▶ _Task statement_:
Once the line with "Pain is Good" is found, write it out along with each later line exactly, through the end of the entries, skipping every picture.

[Stored data]
══════
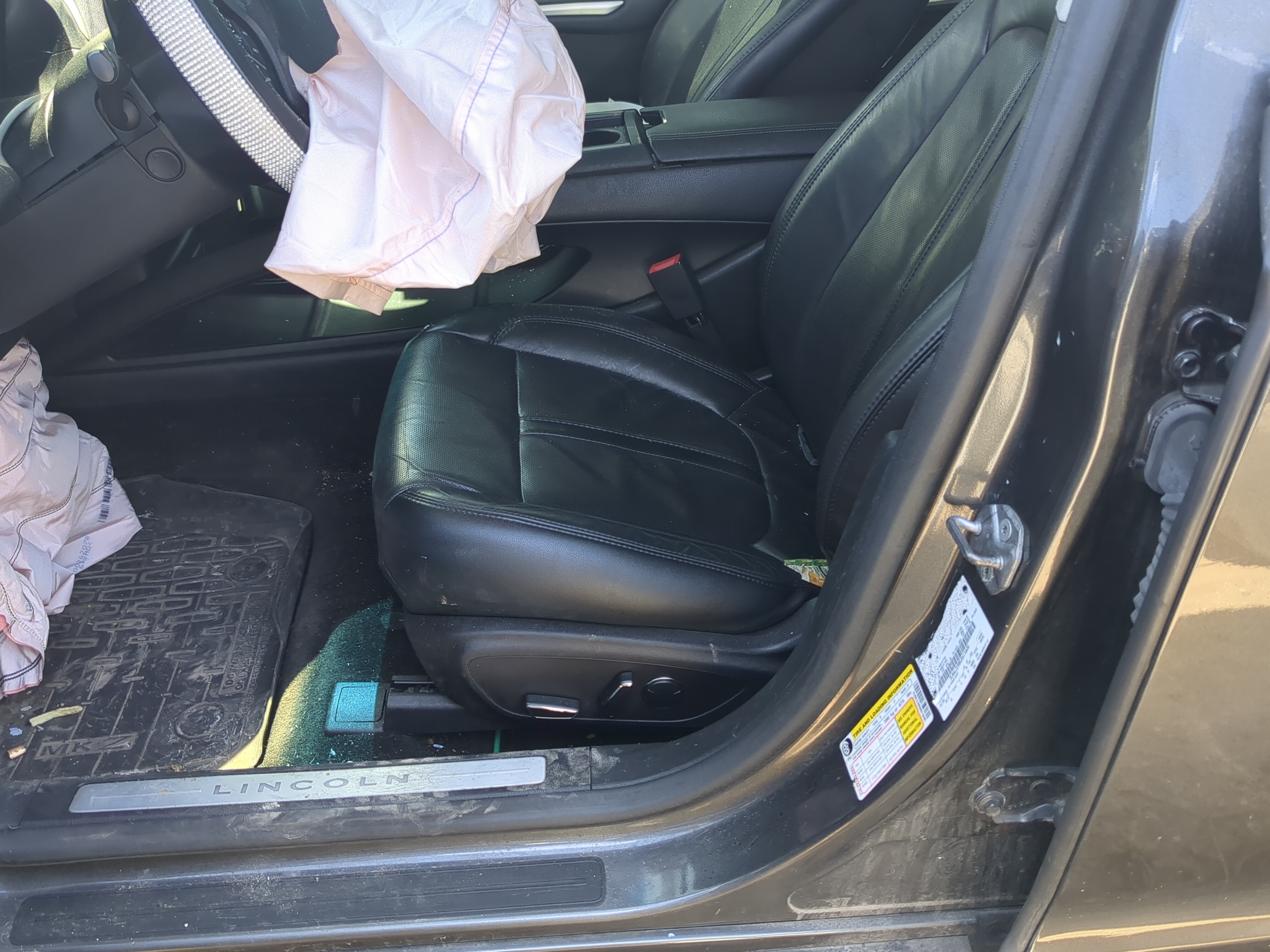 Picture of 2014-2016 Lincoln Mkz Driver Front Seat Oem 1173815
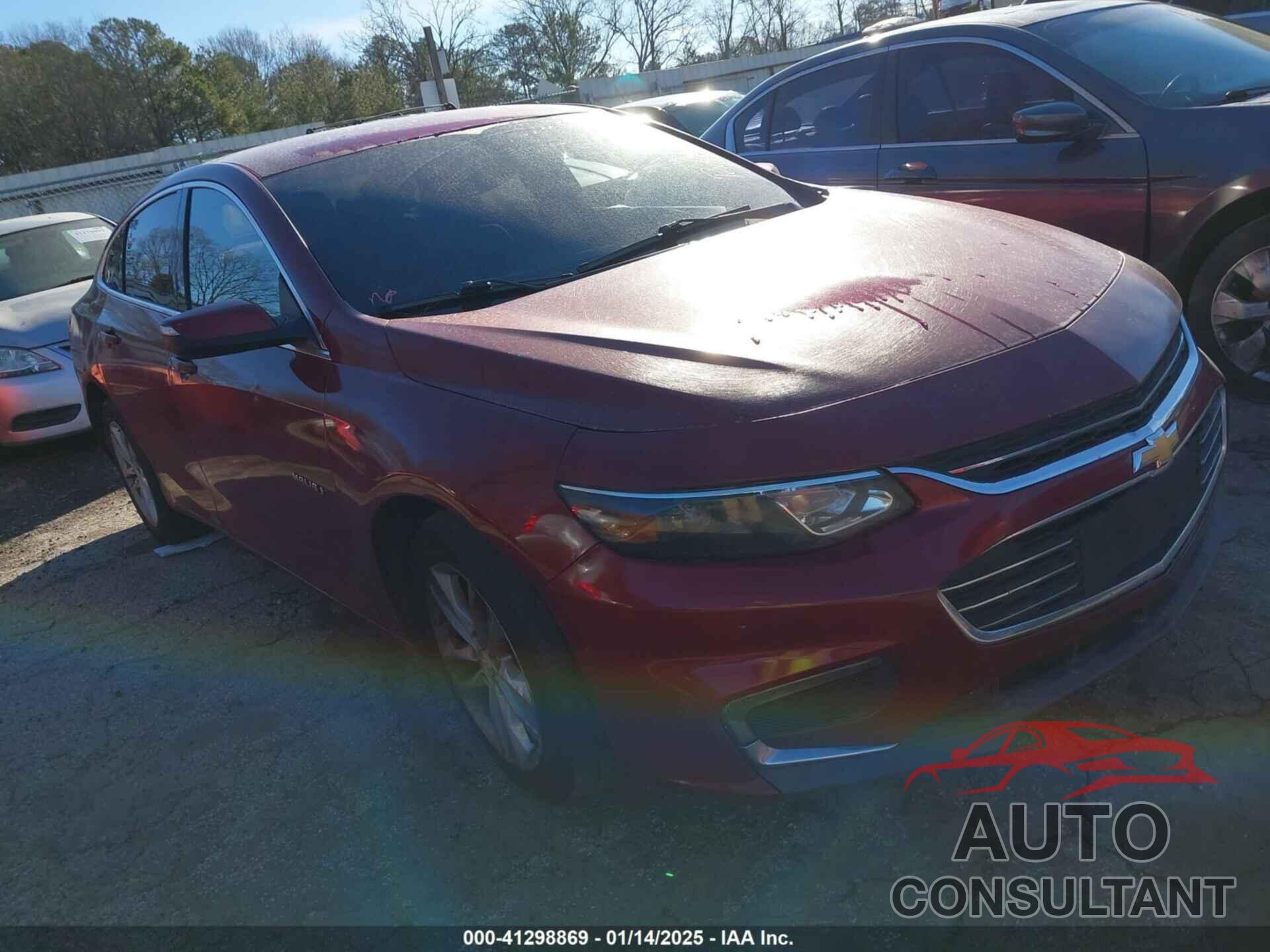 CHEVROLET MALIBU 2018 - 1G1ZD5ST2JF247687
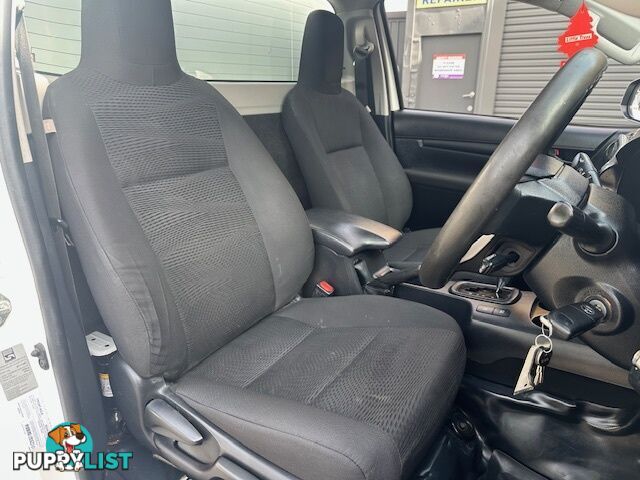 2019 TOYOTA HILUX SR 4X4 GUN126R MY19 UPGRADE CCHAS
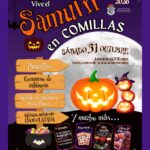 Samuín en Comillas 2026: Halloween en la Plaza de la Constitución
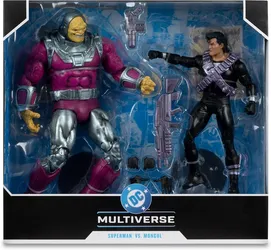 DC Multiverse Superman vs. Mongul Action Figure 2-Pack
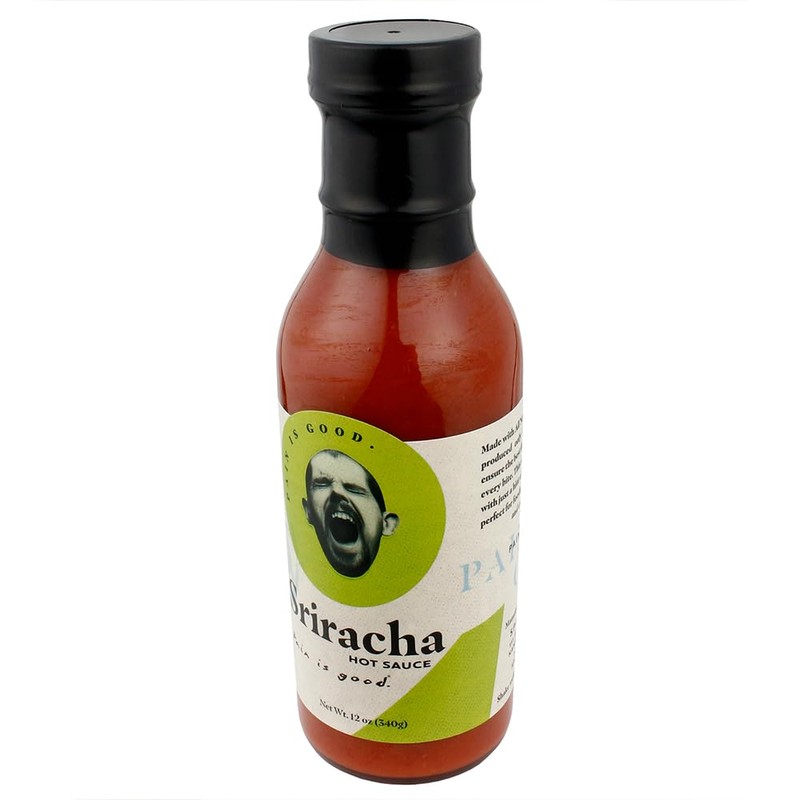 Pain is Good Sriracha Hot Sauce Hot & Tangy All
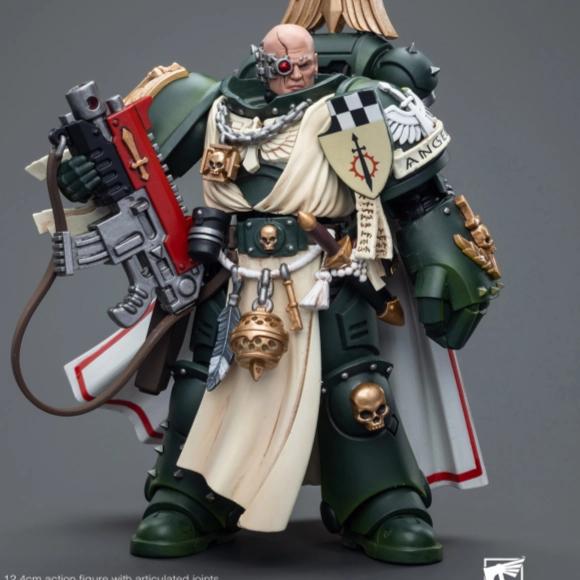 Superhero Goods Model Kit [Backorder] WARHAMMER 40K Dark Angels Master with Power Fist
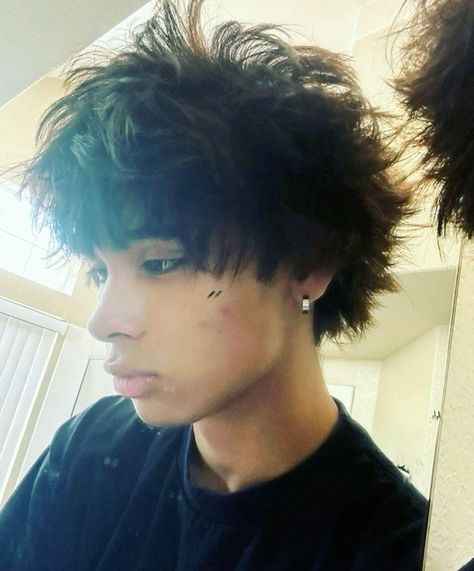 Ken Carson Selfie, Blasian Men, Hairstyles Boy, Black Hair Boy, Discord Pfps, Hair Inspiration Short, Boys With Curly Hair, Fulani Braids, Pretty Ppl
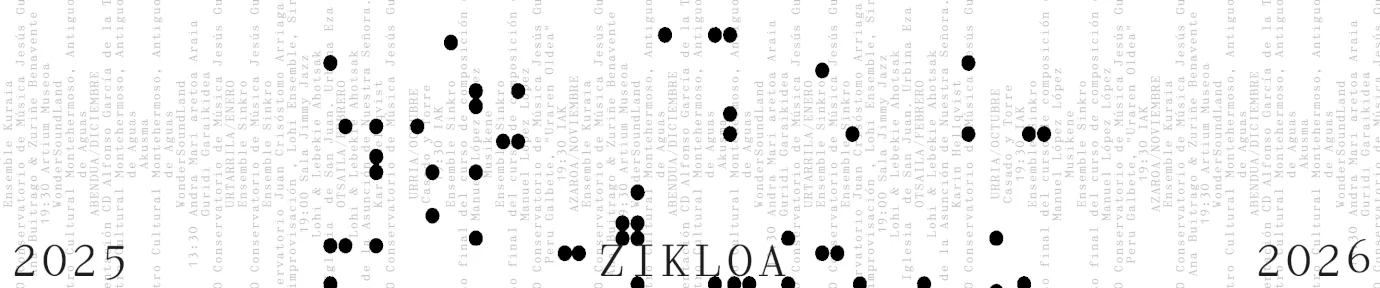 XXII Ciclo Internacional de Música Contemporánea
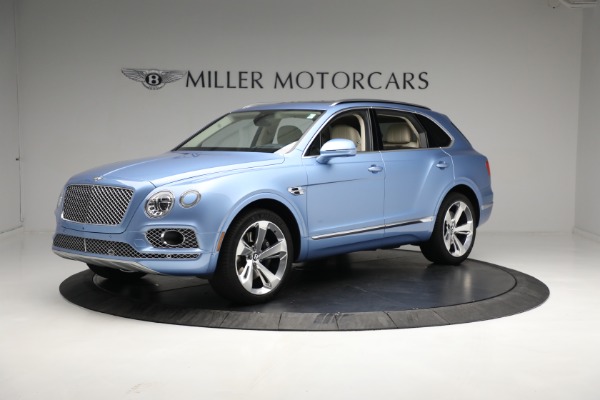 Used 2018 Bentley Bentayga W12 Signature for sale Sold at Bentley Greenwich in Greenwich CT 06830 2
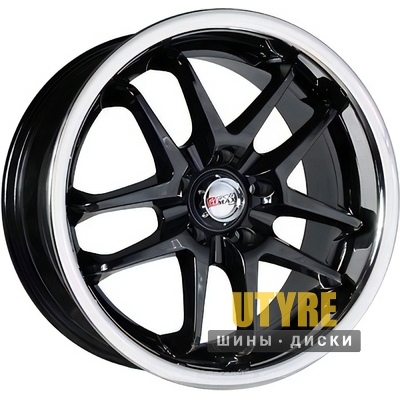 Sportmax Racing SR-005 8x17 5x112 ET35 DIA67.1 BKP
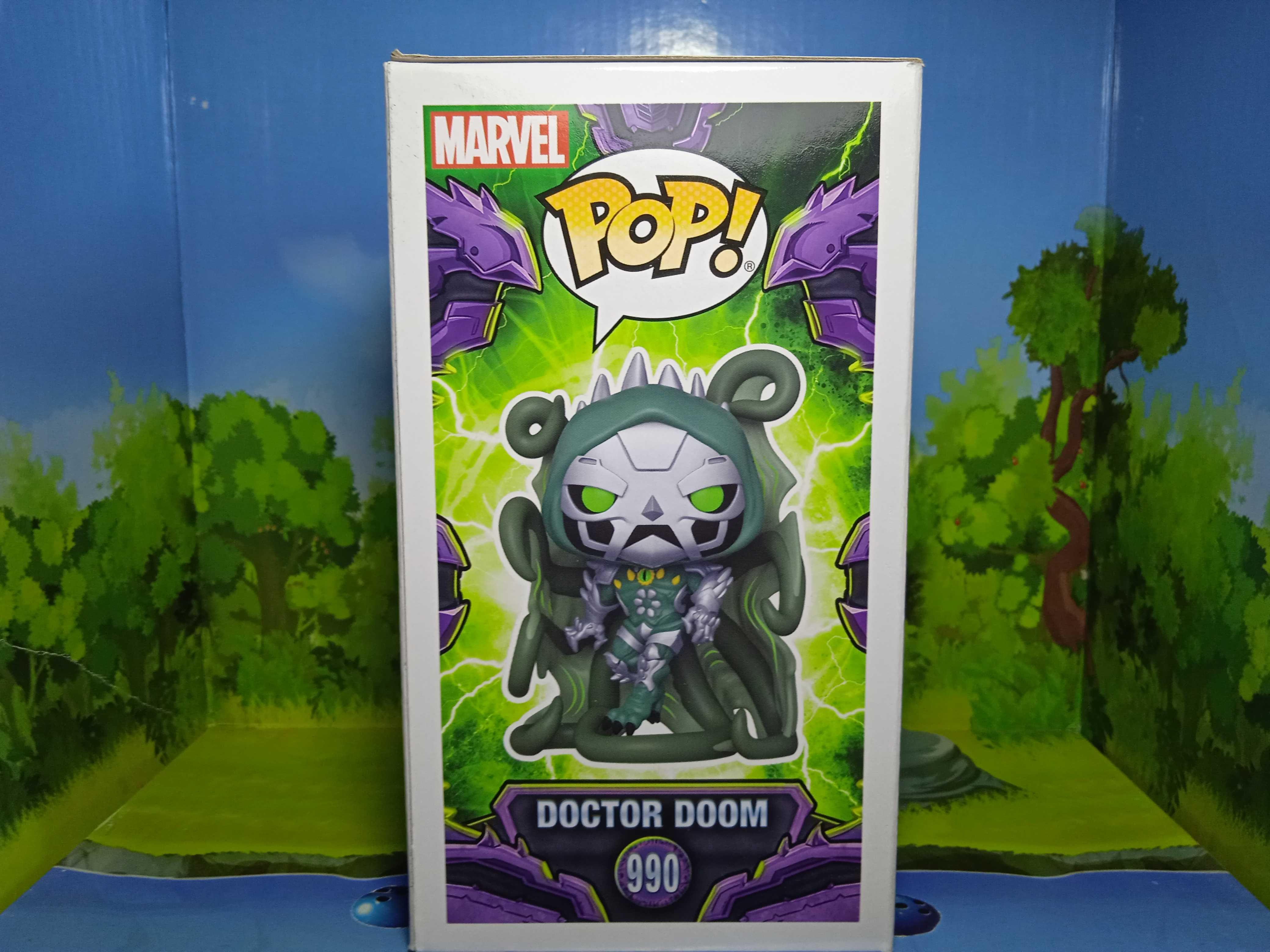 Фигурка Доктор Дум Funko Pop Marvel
══════
▶ _Response to the task_:
 Pain is Good Sriracha Hot Sauce Hot & Tangy All
 Superhero Goods Model Kit [Backorder] WARHAMMER 40K Dark Angels Master with Power Fist
 Ken Carson Selfie, Blasian Men, Hairstyles Boy, Black Hair Boy, Discord Pfps, Hair Inspiration Short, Boys With Curly Hair, Fulani Braids, Pretty Ppl
 XXII Ciclo Internacional de Música Contemporánea
 Used 2018 Bentley Bentayga W12 Signature for sale Sold at Bentley Greenwich in Greenwich CT 06830 2
 Sportmax Racing SR-005 8x17 5x112 ET35 DIA67.1 BKP
 Фигурка Доктор Дум Funko Pop Marvel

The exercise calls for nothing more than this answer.